** WORK TO COMPLETE **
Set down a word-for-word copy of the data below, limited to the lines from the first through the line with "Nike SB Dunk".

Web page caption snippets:
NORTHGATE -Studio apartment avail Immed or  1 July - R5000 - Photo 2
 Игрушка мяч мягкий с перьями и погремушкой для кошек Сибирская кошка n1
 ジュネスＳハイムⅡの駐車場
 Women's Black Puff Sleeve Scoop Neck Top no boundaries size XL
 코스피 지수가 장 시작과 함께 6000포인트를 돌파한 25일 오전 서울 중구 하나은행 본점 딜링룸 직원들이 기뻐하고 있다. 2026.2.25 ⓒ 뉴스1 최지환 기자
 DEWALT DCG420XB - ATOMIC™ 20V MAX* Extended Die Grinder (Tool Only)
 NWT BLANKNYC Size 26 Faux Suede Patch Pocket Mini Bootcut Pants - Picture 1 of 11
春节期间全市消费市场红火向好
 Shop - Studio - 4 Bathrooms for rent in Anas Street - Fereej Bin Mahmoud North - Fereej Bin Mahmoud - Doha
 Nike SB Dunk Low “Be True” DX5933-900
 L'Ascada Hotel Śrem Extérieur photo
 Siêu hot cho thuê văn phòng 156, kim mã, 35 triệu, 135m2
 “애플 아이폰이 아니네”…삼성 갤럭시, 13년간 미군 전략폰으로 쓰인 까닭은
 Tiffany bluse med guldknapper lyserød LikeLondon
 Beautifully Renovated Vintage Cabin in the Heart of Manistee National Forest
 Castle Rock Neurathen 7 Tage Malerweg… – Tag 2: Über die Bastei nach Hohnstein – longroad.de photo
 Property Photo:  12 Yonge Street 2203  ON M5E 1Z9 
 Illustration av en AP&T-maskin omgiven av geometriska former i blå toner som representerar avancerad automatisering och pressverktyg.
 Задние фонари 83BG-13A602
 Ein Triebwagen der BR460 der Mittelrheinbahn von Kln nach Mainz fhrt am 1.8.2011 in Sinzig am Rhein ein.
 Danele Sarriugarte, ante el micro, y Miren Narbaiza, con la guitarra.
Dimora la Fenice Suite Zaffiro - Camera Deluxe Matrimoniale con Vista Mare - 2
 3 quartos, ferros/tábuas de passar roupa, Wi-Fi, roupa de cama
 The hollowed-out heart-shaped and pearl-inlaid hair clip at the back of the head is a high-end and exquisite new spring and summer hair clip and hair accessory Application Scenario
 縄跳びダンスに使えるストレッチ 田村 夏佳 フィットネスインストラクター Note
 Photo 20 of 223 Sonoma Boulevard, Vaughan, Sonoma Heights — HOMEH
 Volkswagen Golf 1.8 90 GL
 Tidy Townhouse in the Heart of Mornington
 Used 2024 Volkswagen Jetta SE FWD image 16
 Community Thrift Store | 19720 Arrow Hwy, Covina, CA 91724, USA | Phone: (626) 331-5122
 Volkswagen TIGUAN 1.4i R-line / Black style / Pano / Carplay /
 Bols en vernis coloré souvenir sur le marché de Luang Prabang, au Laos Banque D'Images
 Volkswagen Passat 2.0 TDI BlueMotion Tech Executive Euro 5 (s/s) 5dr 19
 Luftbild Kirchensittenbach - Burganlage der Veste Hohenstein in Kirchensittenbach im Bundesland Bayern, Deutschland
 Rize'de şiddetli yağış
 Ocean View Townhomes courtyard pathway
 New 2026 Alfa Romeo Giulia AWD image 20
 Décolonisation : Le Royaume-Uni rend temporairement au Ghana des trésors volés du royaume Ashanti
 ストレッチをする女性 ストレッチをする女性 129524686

** WRITTEN ANSWER **
NORTHGATE -Studio apartment avail Immed or  1 July - R5000 - Photo 2
 Игрушка мяч мягкий с перьями и погремушкой для кошек Сибирская кошка n1
 ジュネスＳハイムⅡの駐車場
 Women's Black Puff Sleeve Scoop Neck Top no boundaries size XL
 코스피 지수가 장 시작과 함께 6000포인트를 돌파한 25일 오전 서울 중구 하나은행 본점 딜링룸 직원들이 기뻐하고 있다. 2026.2.25 ⓒ 뉴스1 최지환 기자
 DEWALT DCG420XB - ATOMIC™ 20V MAX* Extended Die Grinder (Tool Only)
 NWT BLANKNYC Size 26 Faux Suede Patch Pocket Mini Bootcut Pants - Picture 1 of 11
春节期间全市消费市场红火向好
 Shop - Studio - 4 Bathrooms for rent in Anas Street - Fereej Bin Mahmoud North - Fereej Bin Mahmoud - Doha
 Nike SB Dunk Low “Be True” DX5933-900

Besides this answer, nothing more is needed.